:: Problem to solve ::
Working from the top of the records below, reproduce each line exactly, ending once you have written the line containing "Sokany Infrared Induction Cooker".

····················

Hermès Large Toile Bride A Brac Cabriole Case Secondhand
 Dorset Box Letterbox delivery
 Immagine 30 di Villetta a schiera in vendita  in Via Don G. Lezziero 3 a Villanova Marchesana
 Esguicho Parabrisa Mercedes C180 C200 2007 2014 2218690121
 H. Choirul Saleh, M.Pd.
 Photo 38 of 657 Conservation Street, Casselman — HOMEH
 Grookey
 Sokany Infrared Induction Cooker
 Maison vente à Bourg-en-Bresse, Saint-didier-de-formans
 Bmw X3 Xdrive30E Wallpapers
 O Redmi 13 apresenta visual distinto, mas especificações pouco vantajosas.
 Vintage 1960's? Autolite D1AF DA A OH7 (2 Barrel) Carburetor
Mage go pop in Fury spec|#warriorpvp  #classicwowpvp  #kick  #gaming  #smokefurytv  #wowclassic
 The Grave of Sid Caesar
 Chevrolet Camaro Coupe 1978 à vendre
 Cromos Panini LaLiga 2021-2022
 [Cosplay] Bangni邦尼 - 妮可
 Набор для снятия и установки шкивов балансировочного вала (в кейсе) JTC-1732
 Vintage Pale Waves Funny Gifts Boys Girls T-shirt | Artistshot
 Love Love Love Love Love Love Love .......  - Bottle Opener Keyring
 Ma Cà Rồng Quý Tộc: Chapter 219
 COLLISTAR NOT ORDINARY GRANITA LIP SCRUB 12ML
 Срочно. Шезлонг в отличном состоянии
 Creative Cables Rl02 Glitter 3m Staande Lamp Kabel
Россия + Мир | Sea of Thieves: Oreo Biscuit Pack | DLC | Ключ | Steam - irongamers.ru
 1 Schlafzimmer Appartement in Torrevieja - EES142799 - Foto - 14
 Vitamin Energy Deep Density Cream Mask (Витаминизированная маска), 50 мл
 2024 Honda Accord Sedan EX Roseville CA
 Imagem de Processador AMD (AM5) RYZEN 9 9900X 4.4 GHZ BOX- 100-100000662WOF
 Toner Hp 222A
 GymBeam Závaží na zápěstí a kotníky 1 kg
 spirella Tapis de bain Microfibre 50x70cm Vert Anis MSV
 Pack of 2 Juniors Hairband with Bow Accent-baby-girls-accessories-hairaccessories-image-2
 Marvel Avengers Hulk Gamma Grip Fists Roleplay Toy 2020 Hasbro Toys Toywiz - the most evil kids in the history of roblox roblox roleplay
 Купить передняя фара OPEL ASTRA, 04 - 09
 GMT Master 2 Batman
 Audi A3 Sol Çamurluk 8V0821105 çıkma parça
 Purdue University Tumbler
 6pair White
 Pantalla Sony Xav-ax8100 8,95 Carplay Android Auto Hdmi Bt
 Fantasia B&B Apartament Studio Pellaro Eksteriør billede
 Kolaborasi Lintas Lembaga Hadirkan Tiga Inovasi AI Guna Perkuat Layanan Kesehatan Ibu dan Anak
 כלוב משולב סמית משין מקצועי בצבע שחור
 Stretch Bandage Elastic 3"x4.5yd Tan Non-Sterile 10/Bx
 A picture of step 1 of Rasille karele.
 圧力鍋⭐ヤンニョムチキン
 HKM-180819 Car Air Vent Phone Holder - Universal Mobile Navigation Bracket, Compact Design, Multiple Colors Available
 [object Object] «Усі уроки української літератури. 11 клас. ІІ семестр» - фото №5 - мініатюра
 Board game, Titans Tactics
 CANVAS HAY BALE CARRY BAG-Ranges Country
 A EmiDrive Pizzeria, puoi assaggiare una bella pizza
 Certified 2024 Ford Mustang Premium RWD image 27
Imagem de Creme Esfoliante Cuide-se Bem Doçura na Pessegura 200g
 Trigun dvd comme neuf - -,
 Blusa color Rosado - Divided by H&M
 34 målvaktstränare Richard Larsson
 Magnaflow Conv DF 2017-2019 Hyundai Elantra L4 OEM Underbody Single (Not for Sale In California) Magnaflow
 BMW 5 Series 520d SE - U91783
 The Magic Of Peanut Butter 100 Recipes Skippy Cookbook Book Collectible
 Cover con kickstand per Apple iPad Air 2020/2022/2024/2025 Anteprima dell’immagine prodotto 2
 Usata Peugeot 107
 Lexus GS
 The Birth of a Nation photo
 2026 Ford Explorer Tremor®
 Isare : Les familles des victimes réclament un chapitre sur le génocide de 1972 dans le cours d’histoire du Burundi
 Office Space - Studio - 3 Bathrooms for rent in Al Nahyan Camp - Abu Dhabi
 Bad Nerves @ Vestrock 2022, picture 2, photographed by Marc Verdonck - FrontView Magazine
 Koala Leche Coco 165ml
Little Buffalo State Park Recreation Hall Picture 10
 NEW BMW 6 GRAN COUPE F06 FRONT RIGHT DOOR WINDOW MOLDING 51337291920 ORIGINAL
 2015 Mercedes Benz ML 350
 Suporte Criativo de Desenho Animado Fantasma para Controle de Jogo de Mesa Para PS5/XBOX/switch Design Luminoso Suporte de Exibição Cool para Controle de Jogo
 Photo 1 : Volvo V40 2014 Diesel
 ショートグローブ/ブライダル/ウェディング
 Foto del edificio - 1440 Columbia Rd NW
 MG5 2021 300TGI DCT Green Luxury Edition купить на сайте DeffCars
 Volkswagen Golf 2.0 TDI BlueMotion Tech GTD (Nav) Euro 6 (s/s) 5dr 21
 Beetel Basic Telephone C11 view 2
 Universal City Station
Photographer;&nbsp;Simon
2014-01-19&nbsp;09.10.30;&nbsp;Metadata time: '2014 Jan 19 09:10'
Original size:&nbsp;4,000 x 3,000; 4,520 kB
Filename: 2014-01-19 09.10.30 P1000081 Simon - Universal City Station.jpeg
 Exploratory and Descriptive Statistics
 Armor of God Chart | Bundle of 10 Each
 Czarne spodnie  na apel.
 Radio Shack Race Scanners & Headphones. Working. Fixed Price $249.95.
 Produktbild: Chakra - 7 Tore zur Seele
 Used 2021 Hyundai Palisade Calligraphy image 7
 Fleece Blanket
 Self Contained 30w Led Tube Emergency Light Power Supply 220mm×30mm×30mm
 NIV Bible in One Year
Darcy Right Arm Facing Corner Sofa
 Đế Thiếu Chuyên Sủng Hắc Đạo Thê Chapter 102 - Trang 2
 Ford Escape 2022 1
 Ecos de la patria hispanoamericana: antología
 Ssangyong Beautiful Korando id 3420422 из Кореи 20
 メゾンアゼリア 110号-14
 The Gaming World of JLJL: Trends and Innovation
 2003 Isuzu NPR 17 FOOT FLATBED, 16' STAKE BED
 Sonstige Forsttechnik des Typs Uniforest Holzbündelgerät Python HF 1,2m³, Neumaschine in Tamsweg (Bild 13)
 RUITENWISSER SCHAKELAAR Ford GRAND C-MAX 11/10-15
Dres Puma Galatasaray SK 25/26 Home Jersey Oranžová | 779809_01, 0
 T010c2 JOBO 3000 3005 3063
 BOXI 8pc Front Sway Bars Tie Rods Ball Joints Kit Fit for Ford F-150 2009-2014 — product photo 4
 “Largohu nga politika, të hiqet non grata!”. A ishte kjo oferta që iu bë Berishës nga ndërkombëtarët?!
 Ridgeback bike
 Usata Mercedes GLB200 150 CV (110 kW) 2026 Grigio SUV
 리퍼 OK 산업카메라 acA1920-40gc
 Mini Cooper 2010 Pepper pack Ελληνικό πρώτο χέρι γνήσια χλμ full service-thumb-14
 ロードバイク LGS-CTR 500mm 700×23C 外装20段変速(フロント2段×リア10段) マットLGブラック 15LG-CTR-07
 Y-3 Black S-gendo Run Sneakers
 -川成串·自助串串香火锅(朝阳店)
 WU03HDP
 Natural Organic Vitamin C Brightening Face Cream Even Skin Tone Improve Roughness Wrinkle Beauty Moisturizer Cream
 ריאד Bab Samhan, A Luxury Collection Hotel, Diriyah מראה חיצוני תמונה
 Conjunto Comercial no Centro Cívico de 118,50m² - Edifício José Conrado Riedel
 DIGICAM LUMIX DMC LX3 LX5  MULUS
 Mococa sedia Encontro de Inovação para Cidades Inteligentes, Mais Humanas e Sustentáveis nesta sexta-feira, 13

····················

:: Answer box ::
Hermès Large Toile Bride A Brac Cabriole Case Secondhand
 Dorset Box Letterbox delivery
 Immagine 30 di Villetta a schiera in vendita  in Via Don G. Lezziero 3 a Villanova Marchesana
 Esguicho Parabrisa Mercedes C180 C200 2007 2014 2218690121
 H. Choirul Saleh, M.Pd.
 Photo 38 of 657 Conservation Street, Casselman — HOMEH
 Grookey
 Sokany Infrared Induction Cooker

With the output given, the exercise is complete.